So, thanks to his daring voyage to a new life, the name of GARNETT appears at a very early date in the records of Virginia. Some indications are that he may have come to America as an indentured servant---as did many others during the early years of the colony. We are left to ponder the reasons he may have had for leaving his family back in England and venturing to new and uncharted territory. Perhaps it was for some unknown family reasons...the spirit of adventure...or to seek his fortunes on a new shore.
In a "Muster of Inhabitants" taken in 1624-25, Thomas GARNETT was living at Elizabeth City, aged 40, having come to Virginia in 1610 in the good ship "Swan". Living with him were his wife, Elizabeth, aged 26, who came in the "Neptune" in 1618, and their young daughter, Susan aged three.

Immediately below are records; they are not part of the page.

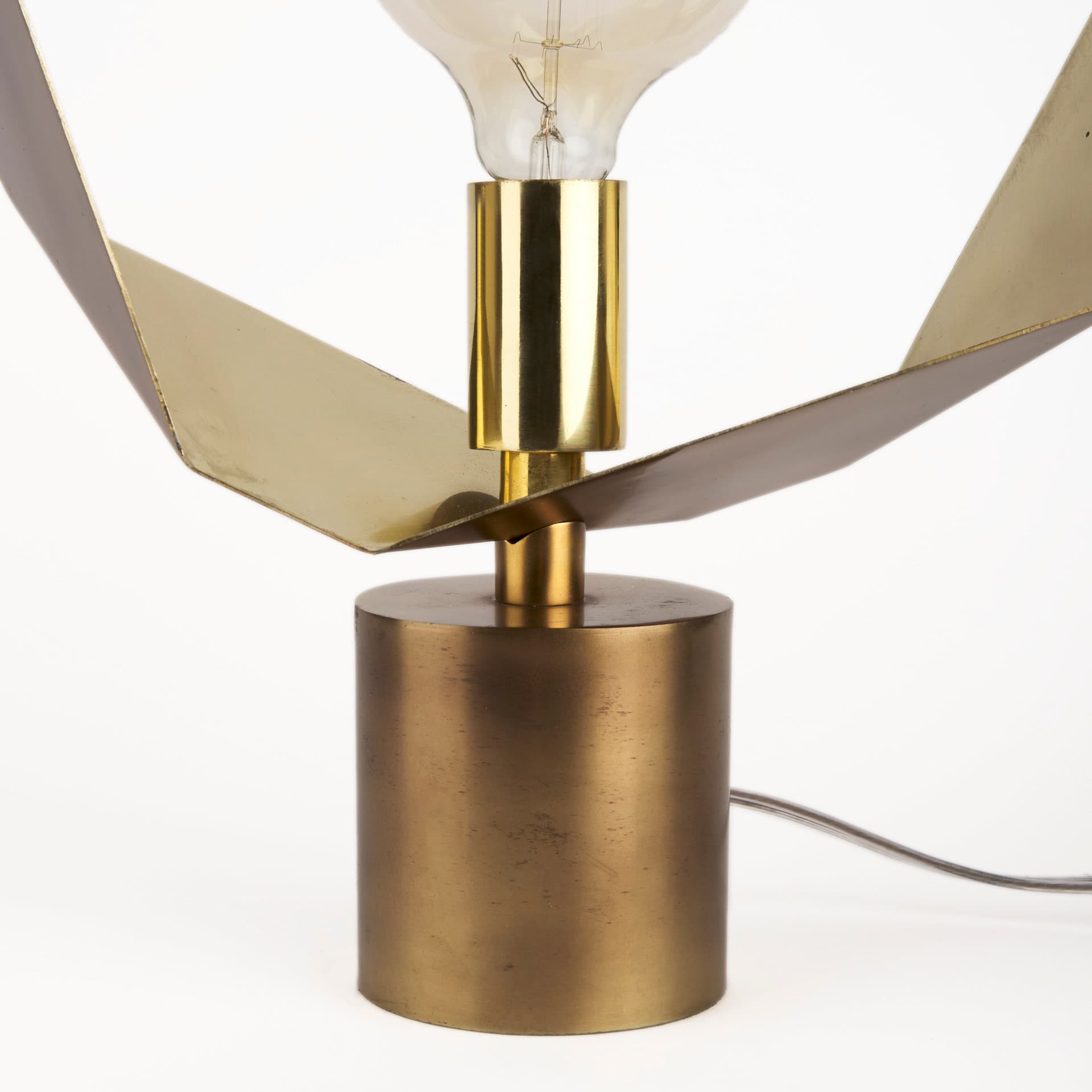 Shamir 15L x 15W Gold Geometric Metal Table Lamp — product photograph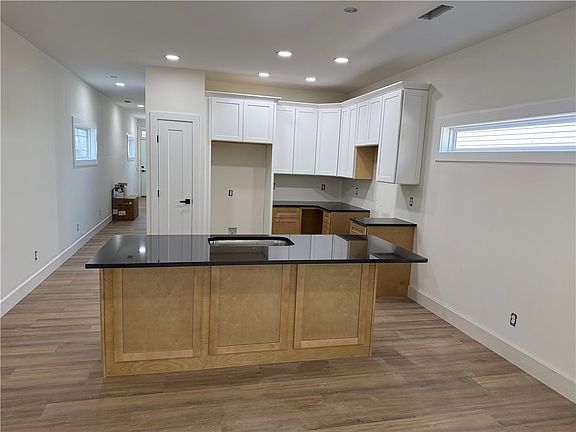 4th image of 320 Thompson St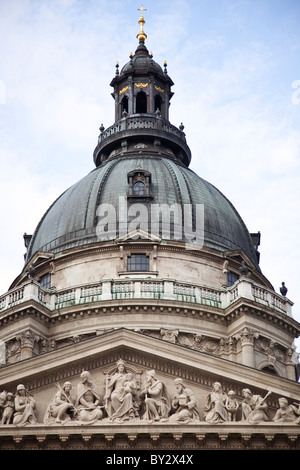 Tôt le matin, vue sur le bâtiment du Parlement et le Pont des Chaînes sur le Danube, Budapest Banque D'Images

Thomas GARNETT was therefore born in about 1584-5 and might have been the Thomas GARNETT, son of Robert GARNETT who was baptized in the parish church at Kirby Lonsdale, Lancashire, on December 14, 1585 and therefore related to Thomas GARNETT, son of Anthony and Susan GARNETT who in 1565 rebuilt and lived in the thirteenth century house at Kendal in Westmorland known as the Castle Dairy.
We are left to wonder too why it was that Thomas preceeded his wife to America by some eight years---were they previously known to each other or even married or betrothed back in England [she would have been 18 years old when Thomas embarked for America]? Did Elizabeth perhaps come to America with her own family...or was it a marriage of convenience after she arrived?
The date for Thomas GARNETT's arrival in Virginia is at a turning point in the history of the English colony at Jamestown. In 1609, Captain John Smith had returned to England and by 1610 the settlers had become discouraged. They planned to embark for England, but returned to Jamestown when they heard of the arrival of Lord Delaware with new colonists and fresh supplies. Among the arriving colonists in 1610 must have been our Thomas GARNETT.
He states that his wife Elizabeth arrived in the "Neptune" in 1618. This date serves to identify Elizabeth GARNETT as being among the very first women to arrive in the colony. Previously the settlers had almost all been men. In 1619 one boat load of young women arrived to become wives of the lonely settlers. Each settler gave the London Company 120 pounds of tobacco in payment for his wife's passage.
Elizabeth GARNETT was one of the fortunate colonists [and one of the few women] who escaped the Indian massacre of 1622. Her arrival in 1618 predates that of most of the other young women in the Jamestown settlement by at least a year.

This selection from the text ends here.